- Exercise requirements: The lines below are to be quoted exactly, from the first through the one that contains "4, ROSEWOOD GROVE, SUTTON, SM1".
(Information provided)
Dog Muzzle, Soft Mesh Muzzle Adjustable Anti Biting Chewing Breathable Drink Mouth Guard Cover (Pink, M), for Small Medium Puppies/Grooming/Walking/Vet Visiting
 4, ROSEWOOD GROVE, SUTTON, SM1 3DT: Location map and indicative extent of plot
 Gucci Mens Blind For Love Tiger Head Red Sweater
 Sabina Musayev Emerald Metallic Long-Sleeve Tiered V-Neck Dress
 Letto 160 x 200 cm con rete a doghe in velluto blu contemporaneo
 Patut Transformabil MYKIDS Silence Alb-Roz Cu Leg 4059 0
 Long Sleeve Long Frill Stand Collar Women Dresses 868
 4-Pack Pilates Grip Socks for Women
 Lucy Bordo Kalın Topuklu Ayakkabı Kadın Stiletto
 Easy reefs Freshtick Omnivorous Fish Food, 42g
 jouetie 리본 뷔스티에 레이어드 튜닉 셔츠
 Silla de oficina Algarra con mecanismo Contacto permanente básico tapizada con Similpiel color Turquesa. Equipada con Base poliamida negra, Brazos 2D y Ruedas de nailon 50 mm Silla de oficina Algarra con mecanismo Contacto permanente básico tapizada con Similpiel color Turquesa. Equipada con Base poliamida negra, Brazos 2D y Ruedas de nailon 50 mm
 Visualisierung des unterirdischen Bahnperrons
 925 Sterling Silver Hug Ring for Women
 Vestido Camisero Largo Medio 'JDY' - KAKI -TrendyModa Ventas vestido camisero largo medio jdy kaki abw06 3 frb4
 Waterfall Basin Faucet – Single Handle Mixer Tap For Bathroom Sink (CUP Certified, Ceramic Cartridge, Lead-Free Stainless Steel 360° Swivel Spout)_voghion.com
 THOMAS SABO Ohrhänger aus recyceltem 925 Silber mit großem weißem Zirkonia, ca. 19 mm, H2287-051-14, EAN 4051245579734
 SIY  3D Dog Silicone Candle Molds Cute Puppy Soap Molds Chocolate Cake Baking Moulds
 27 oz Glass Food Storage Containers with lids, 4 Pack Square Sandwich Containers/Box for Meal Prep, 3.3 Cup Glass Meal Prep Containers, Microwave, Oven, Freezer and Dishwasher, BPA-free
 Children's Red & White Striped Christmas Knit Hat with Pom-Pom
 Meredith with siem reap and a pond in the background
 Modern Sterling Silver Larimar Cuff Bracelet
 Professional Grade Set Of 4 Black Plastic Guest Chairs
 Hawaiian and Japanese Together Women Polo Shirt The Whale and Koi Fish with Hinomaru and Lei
(End Information provided)
- Your response:
Dog Muzzle, Soft Mesh Muzzle Adjustable Anti Biting Chewing Breathable Drink Mouth Guard Cover (Pink, M), for Small Medium Puppies/Grooming/Walking/Vet Visiting
 4, ROSEWOOD GROVE, SUTTON, SM1 3DT: Location map and indicative extent of plot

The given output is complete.